中国迷爺爺の日記

中国好き独居老人の折々の思い

同窓会

2008-06-02 09:35:11 | 身辺雑記
 高校の教師になって初めて担任した時の生徒達の学年同窓会が大阪であった。古い生徒達の同窓会に出席するのは心楽しいことなので、よほど都合がつかない場合以外は出席することにしているから、今回も喜んで出かけた。

 会場のある建物に着きエレベーターに乗ろうとしたら、男性が1人いて、「同窓会ですか」と尋ねたから頷いたが、彼の顔には見覚えがなく、彼も私が誰か分からない様子だった。エレベーターが来たので入ってしばらくすると、彼が急に「あっ、先生ですか。失礼しました」と言った、どうやら教えたことがない生徒だった。

 この学年の生徒は私より10歳年下だから、今年は65歳になる。卒業してから47年、1年生の時からもう50年もたっている。会場に入るとそれだけの年齢を重ねた容姿の男女が既に多く集まっていたが、名前は思い出せなくても、顔はほとんど見覚えがあり懐かしくなった。卒業時のクラスごとにテーブルが設けられていて、そこにはもう座っている子がいて、声を掛け合った。私にとって卒業生達はいつまでたっても「子」である。
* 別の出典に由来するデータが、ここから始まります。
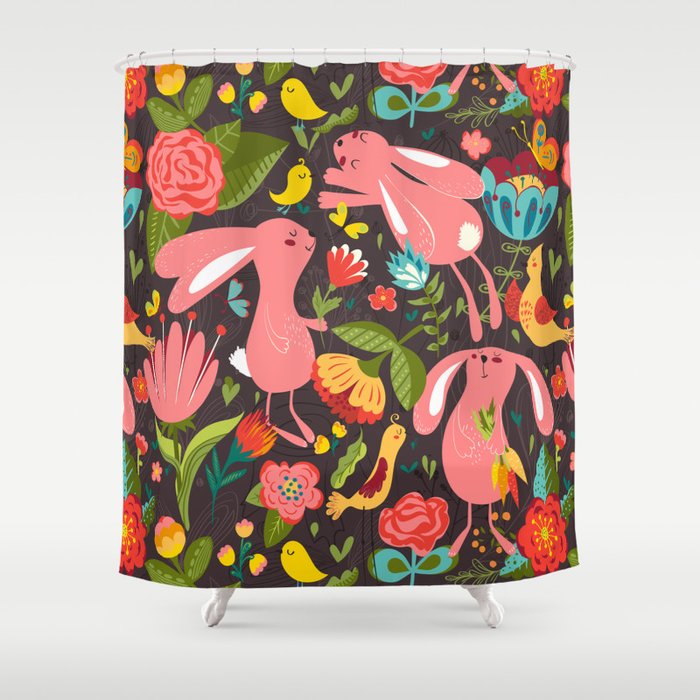 Bunnies in the wild Shower Curtain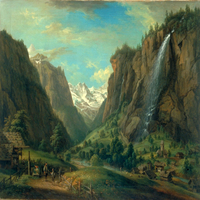 Das Lauterbrunnental um 1760. Gemälde von Christian Georg Schütz, Schweizerisches Landesmuseum Zürich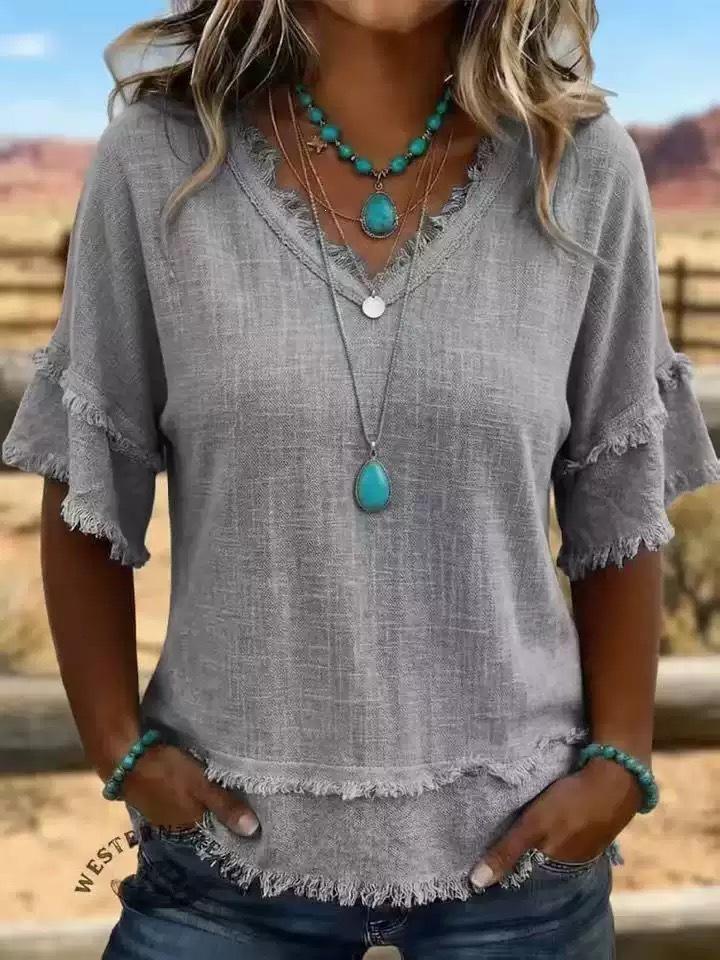 V-Neck Short Sleeve Loose Fit Women's Casual Pullover Top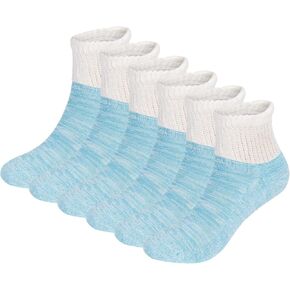 6 أزواج من جوارب الكاحل من الخيزران لمرضى السكري مع مقدمة بدون خياطة وجزء علوي غير مربوط، نعل مبطن للنساء والرجال من BampooPanPa in Kuwait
「あの子はどうしているのかなあ」、「元気ですよ」などと話し合っていると、たちまち彼ら、彼女らが在校していた頃の気分に戻ってしまい、それが何とも言えないくらい良いものなのだ。

 幹事代表の挨拶で会は始まり、最初に出席した3人の元のクラス担任が紹介されて花束が贈られた。このようなことが、いかにも何十年かの人生を歩んできた者の心遣いに思われて嬉しかった。食事しながらの賑やかな談笑が始まったが、その間にも何人も私が座る席に来て挨拶するし、私もテーブルを回ったりして話を楽しんだ。在学当時には「ワル」も「ゴンタ」もいたが、今頃よく見聞きする崩れた高校生とは違う、何か人間味があったように思う。こういう場ではいつも思うことだが、「あの頃に」、「この学校の」教師になって本当に良かった。特に有名校でも、いわゆる受験校でもなかったが、教師になって良かったと思わせる温かい教師と生徒の関係があり、クラブ活動も盛んだった。

 楽しい3時間はすぐに過ぎた。私のクラスの出席者はいろいろな都合もあったのだろう、常連的な者の姿がなく6名だけだったが、幹事役の女の子が皆と相談して、来年、私の喜寿祝いにクラス同窓会をして集まろうと日を決めてくれた。満年齢だと再来年なのだが数え年でということになったようだ。できるだけたくさん集まるように声を掛けますよと言うので、私も余命わずかだから皆に会いたいと言ってほしいと冗談めかして答えた。

 50年近くの歳月は短いものではない。この歳月の間に皆それぞれの人生を歩んできたのだろうし、苦労が多かったこともあるだろう。配偶者を亡くした者もいるし、私のクラスにも若くして物故した者もいる。いろいろな思いはあるが、生の続く限り「この子」達とは心を通わしていきたいと思う。